[WHAT IS REQUIRED] Repeat the entries that appear below, exactly and in full.

[RECORDS FOR PROCESSING]
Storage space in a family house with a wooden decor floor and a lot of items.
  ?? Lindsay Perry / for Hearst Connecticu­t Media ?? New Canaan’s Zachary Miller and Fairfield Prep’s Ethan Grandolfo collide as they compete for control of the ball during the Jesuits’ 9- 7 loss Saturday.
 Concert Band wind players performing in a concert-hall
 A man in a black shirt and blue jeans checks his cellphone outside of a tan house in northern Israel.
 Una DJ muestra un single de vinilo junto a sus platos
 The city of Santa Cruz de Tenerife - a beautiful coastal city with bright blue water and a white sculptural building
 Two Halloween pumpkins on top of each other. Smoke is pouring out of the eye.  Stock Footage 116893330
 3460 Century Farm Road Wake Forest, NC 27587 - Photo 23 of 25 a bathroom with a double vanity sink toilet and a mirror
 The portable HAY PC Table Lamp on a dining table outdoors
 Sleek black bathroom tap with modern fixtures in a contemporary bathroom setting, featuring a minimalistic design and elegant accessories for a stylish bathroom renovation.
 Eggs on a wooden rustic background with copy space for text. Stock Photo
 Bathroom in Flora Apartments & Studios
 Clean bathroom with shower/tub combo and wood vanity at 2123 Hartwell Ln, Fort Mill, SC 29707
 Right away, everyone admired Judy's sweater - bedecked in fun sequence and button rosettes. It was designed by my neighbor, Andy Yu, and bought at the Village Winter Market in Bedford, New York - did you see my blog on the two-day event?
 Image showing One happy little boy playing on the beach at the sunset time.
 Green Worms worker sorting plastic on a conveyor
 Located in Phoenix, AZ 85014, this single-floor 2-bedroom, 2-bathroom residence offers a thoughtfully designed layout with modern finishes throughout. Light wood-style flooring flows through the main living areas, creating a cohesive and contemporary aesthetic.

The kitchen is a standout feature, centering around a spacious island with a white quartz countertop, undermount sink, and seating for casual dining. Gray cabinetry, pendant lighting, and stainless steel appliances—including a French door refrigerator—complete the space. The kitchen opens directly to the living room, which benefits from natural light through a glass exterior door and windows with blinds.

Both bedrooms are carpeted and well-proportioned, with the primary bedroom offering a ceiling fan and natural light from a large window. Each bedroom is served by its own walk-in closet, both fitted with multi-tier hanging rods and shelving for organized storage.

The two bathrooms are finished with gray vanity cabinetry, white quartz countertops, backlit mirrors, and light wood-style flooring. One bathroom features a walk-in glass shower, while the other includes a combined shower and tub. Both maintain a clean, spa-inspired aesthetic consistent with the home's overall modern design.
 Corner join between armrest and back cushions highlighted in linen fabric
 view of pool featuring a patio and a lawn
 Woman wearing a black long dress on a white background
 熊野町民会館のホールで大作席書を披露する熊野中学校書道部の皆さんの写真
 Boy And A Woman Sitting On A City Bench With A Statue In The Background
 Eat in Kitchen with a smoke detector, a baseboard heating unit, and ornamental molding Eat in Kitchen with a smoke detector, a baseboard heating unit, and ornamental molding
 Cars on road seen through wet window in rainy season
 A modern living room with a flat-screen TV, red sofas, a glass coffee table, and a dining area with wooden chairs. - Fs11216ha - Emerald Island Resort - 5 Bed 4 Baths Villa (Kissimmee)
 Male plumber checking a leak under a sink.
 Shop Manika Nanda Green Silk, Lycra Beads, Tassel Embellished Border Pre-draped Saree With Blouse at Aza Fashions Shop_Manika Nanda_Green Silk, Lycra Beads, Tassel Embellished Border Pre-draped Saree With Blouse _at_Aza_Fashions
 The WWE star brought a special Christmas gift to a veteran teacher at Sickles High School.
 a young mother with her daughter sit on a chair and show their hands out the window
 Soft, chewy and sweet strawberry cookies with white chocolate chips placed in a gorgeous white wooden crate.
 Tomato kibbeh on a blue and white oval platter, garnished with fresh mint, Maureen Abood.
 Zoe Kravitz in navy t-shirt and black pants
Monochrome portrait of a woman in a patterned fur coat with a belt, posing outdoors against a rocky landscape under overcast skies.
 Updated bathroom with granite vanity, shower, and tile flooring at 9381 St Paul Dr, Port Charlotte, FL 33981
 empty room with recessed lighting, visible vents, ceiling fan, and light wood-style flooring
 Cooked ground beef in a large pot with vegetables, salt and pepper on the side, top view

[TASK SOLUTION]
Storage space in a family house with a wooden decor floor and a lot of items.
  ?? Lindsay Perry / for Hearst Connecticu­t Media ?? New Canaan’s Zachary Miller and Fairfield Prep’s Ethan Grandolfo collide as they compete for control of the ball during the Jesuits’ 9- 7 loss Saturday.
 Concert Band wind players performing in a concert-hall
 A man in a black shirt and blue jeans checks his cellphone outside of a tan house in northern Israel.
 Una DJ muestra un single de vinilo junto a sus platos
 The city of Santa Cruz de Tenerife - a beautiful coastal city with bright blue water and a white sculptural building
 Two Halloween pumpkins on top of each other. Smoke is pouring out of the eye.  Stock Footage 116893330
 3460 Century Farm Road Wake Forest, NC 27587 - Photo 23 of 25 a bathroom with a double vanity sink toilet and a mirror
 The portable HAY PC Table Lamp on a dining table outdoors
 Sleek black bathroom tap with modern fixtures in a contemporary bathroom setting, featuring a minimalistic design and elegant accessories for a stylish bathroom renovation.
 Eggs on a wooden rustic background with copy space for text. Stock Photo
 Bathroom in Flora Apartments & Studios
 Clean bathroom with shower/tub combo and wood vanity at 2123 Hartwell Ln, Fort Mill, SC 29707
 Right away, everyone admired Judy's sweater - bedecked in fun sequence and button rosettes. It was designed by my neighbor, Andy Yu, and bought at the Village Winter Market in Bedford, New York - did you see my blog on the two-day event?
 Image showing One happy little boy playing on the beach at the sunset time.
 Green Worms worker sorting plastic on a conveyor
 Located in Phoenix, AZ 85014, this single-floor 2-bedroom, 2-bathroom residence offers a thoughtfully designed layout with modern finishes throughout. Light wood-style flooring flows through the main living areas, creating a cohesive and contemporary aesthetic.

The kitchen is a standout feature, centering around a spacious island with a white quartz countertop, undermount sink, and seating for casual dining. Gray cabinetry, pendant lighting, and stainless steel appliances—including a French door refrigerator—complete the space. The kitchen opens directly to the living room, which benefits from natural light through a glass exterior door and windows with blinds.

Both bedrooms are carpeted and well-proportioned, with the primary bedroom offering a ceiling fan and natural light from a large window. Each bedroom is served by its own walk-in closet, both fitted with multi-tier hanging rods and shelving for organized storage.

The two bathrooms are finished with gray vanity cabinetry, white quartz countertops, backlit mirrors, and light wood-style flooring. One bathroom features a walk-in glass shower, while the other includes a combined shower and tub. Both maintain a clean, spa-inspired aesthetic consistent with the home's overall modern design.
 Corner join between armrest and back cushions highlighted in linen fabric
 view of pool featuring a patio and a lawn
 Woman wearing a black long dress on a white background
 熊野町民会館のホールで大作席書を披露する熊野中学校書道部の皆さんの写真
 Boy And A Woman Sitting On A City Bench With A Statue In The Background
 Eat in Kitchen with a smoke detector, a baseboard heating unit, and ornamental molding Eat in Kitchen with a smoke detector, a baseboard heating unit, and ornamental molding
 Cars on road seen through wet window in rainy season
 A modern living room with a flat-screen TV, red sofas, a glass coffee table, and a dining area with wooden chairs. - Fs11216ha - Emerald Island Resort - 5 Bed 4 Baths Villa (Kissimmee)
 Male plumber checking a leak under a sink.
 Shop Manika Nanda Green Silk, Lycra Beads, Tassel Embellished Border Pre-draped Saree With Blouse at Aza Fashions Shop_Manika Nanda_Green Silk, Lycra Beads, Tassel Embellished Border Pre-draped Saree With Blouse _at_Aza_Fashions
 The WWE star brought a special Christmas gift to a veteran teacher at Sickles High School.
 a young mother with her daughter sit on a chair and show their hands out the window
 Soft, chewy and sweet strawberry cookies with white chocolate chips placed in a gorgeous white wooden crate.
 Tomato kibbeh on a blue and white oval platter, garnished with fresh mint, Maureen Abood.
 Zoe Kravitz in navy t-shirt and black pants
Monochrome portrait of a woman in a patterned fur coat with a belt, posing outdoors against a rocky landscape under overcast skies.
 Updated bathroom with granite vanity, shower, and tile flooring at 9381 St Paul Dr, Port Charlotte, FL 33981
 empty room with recessed lighting, visible vents, ceiling fan, and light wood-style flooring
 Cooked ground beef in a large pot with vegetables, salt and pepper on the side, top view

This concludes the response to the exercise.